27 Agustus 2009

Beranikah Kadishut Mabar?

Eksplorasi Tambang Rambah Hutan Tutupan

Oleh Frans Anggal

Di tengah kesemarakan HUT Proklamasi 17 Agustus 2009, ‘kesemarakan’ lain berlangsung di Tebedo, Mabar. Di sana, jauh dari pantauan umum, ekonomi sedang memangsa ekologi. Melalui monster pertambangan, lingkungan hidup kawasan itu sedang dirusakkan.

Minggu 16 Agustus, tim investigasi Geram bersama JPIC SVD Ruteng melakukan investigasi. Temuannya? Pertama, eksplorasi tambang emas sudah berjalan. Sudah digali sekitar 12 parit uji dengan panjang 7-100 meter, lebar 4-10 meter, dalam 4-10 meter.

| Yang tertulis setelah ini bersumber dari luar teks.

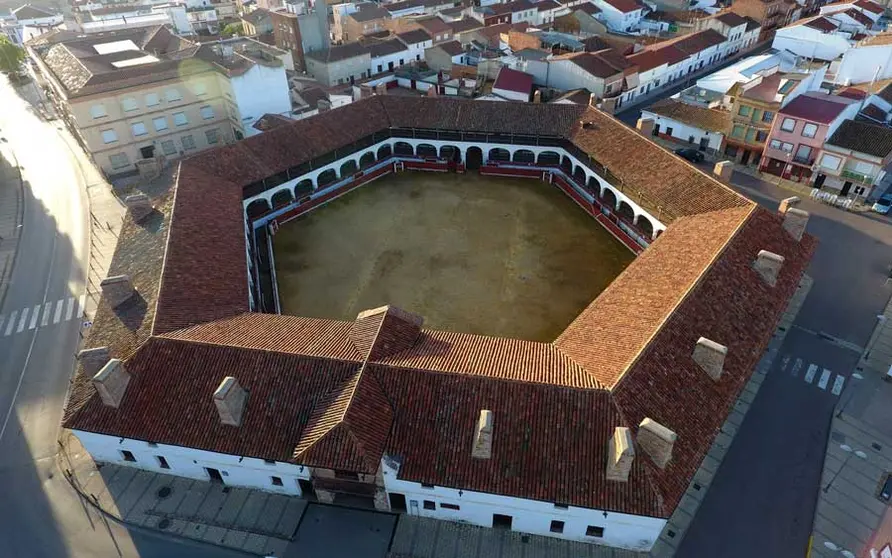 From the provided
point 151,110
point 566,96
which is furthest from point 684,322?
point 151,110

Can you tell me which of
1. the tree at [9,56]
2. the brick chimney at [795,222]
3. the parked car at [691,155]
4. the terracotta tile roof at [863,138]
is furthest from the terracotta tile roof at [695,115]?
the tree at [9,56]

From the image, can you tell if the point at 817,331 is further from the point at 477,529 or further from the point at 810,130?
the point at 477,529

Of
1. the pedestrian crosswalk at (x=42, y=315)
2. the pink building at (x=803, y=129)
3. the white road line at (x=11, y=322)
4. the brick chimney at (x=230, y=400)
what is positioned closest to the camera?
the brick chimney at (x=230, y=400)

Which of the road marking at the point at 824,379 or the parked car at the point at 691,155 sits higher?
the parked car at the point at 691,155

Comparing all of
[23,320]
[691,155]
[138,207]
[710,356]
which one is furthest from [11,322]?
[691,155]

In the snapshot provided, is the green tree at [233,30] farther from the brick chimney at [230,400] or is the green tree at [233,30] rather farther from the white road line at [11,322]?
the brick chimney at [230,400]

Kedua, penggalian parit sudah sampai memunculkan 3-4 sumber mata air. Ketiga, eksplorasi sudah merambah 500-700 meter hutan tutupan Nggorang Bowosie RTK 108.

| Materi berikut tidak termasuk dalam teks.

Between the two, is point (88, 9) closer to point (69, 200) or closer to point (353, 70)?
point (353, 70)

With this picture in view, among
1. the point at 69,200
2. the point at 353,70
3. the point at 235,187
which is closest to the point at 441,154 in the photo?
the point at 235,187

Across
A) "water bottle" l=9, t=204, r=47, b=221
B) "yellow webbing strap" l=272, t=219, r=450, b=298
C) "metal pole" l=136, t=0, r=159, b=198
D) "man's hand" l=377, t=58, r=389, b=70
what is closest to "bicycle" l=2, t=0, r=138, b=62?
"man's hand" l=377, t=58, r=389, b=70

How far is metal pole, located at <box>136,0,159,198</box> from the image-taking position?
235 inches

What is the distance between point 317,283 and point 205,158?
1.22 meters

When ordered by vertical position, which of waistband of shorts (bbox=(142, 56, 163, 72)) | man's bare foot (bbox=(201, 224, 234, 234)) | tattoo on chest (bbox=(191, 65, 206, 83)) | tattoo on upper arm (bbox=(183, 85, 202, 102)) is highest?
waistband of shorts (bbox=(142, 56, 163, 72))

Ini mengejutkan tim investigasi. Mengejutkan Koordinator JPIC SVD Ruteng P Simon Suban Tukan SVD. Mengejutkan Wakil Ketua Umum Geram Fery Adu. Mengejutkan Tu’a Golo Tebedo Damianus Sati. Kerusakan sudah parah. Padahal, baru ekplorasi, belum eksploitasi. Apa sikap mereka?

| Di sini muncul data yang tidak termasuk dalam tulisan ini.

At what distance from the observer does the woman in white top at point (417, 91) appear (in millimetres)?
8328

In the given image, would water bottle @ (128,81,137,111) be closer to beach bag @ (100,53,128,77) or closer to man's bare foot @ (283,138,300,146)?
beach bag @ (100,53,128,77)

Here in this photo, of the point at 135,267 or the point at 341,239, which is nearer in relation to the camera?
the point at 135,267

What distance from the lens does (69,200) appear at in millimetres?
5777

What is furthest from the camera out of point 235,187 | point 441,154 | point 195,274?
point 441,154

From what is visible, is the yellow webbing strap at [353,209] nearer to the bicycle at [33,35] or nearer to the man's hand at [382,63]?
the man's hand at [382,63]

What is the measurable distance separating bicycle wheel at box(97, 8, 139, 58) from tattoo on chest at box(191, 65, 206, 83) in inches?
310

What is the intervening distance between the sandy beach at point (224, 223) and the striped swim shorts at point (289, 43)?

Damianus Sati menyatakan, tidak akan mengizinkan sejengkal pun tanah ulayatnya dieksploitasi. Pater Simon dan Fery Adu bertekad akan terus mendorong pemkab menghentikan aktivitas tambang yang jelas-jelas merusak lingkungan dan mengancam keselamatan kehidupan di sekitarnya. Aktivis Geram Pater Marsel Agot SVD melontarkan pertanyaan ke Kadis Kehutanan Edward via sebaran SMS pada momen HUT kemerdekaan Senin 17 Agustus:

Pertama, apa tindakan dinas kehutanan terhadap pelanggaran yang sudah dan sedang dilakukan investor tambang? Sebagai bahan perbandingan, warga yang kedapatan memotong sebatang pohon di wilayah hutan tutupan dihukum berat. Kedua, bagaimana usaha dinas kehutanan Mabar menyelamatkan sumber air baik untuk Tebedo maupun untuk kebutuhan masyarakat sekitar termasuk Labuan Bajo?”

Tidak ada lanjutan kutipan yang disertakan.